Writing a new plugin from scratch

Given the very useful standard plugins in the Nagios Plugins set and the large number of custom plugins available on Nagios Exchange, occasionally, as our monitoring setup grows more refined, we may well find that there is a service or property of a host that we would like to check. However, for this, there doesn't seem to be any suitable plugin available. Every network is different and, sometimes, the plugins that others have made by generously donating their time to the community don't quite cover all your bases. Generally, the more specific your monitoring requirements get, the less likely it is that there's a plugin available that does exactly what you need.

In this example, we'll deal with a very particular problem that we'll assume can't be dealt with effectively by any known Nagios Core plugins, and we'll write one ourselves using Perl. Here's the example problem.

Our Linux security team wants to be able to automatically check whether any of our servers are running kernels that have known exploits. However, they're not worried about every vulnerable kernel, only certain ones. They have provided us with the version numbers of three kernels, which have small vulnerabilities that they're not particularly worried about but that do need patching, and one they're extremely worried about.

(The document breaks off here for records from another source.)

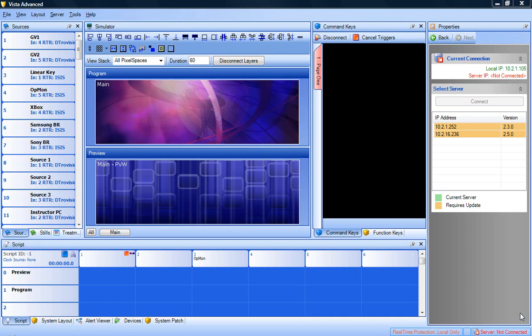In this lesson, we will learn how to create presets called command keys. Command keys are used to recall looks with a single mouse click. There are many ways to configure command keys. In this lesson, we will review the four most common ways to set them up.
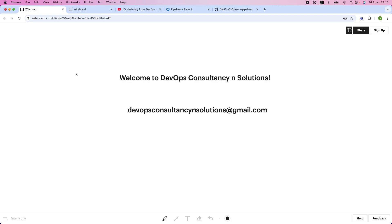Hello friends, welcome back to the channel DevOps Consultancy and Solutions. In this video we will learn about how to run the pipelines in sequential and parallel. At the end, I will show you how to schedule your pipeline if you want to run it at midnight or out of office hours.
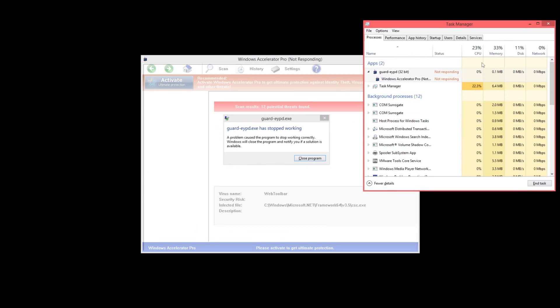So there you go, amateurs. This is how you remove the rogue. Now the rest of the cleanup is rather simple.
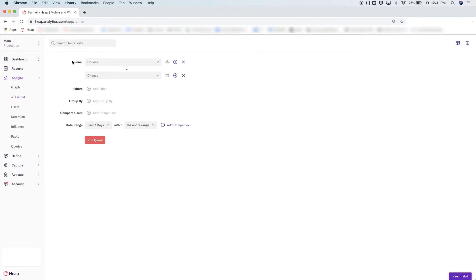When building your funnels in Heap, it's a blank slate, so you have a lot of flexibility in what you can actually build. You can start broad with just a few steps, or you can be really granular and list 10 steps to dig in and understand where users are dropping off. Generally, it's best to start with a broad funnel — maybe 3-5 steps of the key milestones that someone takes in the process you are analyzing.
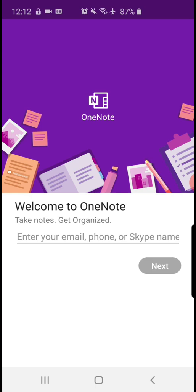Now, in order for you to continue, you must have a valid email address. What is a valid email address? It's an email account that you have created which you remember the password.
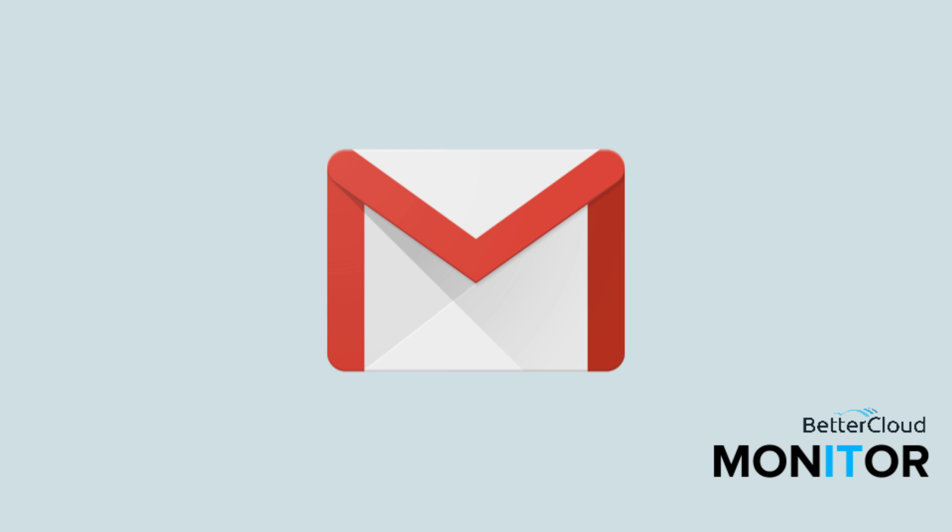Hello. Today we're going to go over how to search your emails in your Gmail inbox by attachment size.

Let's say, the minor vulnerabilities are in the kernels with version numbers 2.6.19, 2.6.24, and 3.0.1. The serious vulnerability is in the kernel with version number 2.6.39. Note that the version numbers in this case are arbitrary and don't necessarily reflect any real kernel vulnerabilities!

The team could log in to all the servers individually to check them, but the servers are of varying ages and access methods and are managed by different people. They would also have to manually check the kernel version more than once because it's possible that a naive administrator could upgrade the system to a kernel that's known to be vulnerable in an older release, and they also might want to add other vulnerable kernel numbers to be checked later on.

So, the team has asked us to solve the problem with Nagios Core monitoring and we've decided that the best way to do this is to write our own plugin, check_vuln_kernel, which checks the output of uname(1) for a kernel version string and then does the following:

  • If the system is using one of the slightly vulnerable kernels, the plugin will return a WARNING state so that we can let the security team know that they should address it when they're next able to.
  • If it's the highly vulnerable kernel version, it will return a CRITICAL state so that the security team knows that a patched kernel needs to be installed immediately.
  • If uname(1) gives an error or output that we don't understand, it will return an UNKNOWN state, alerting the team to a bug in the plugin or possibly more serious problems with the server.
  • Otherwise, it returns an OK state, confirming that the kernel is not known to be a vulnerable one.
  • Finally, they want to be able to see at a glance in the Nagios Core monitoring what the kernel version is and whether it's vulnerable or not.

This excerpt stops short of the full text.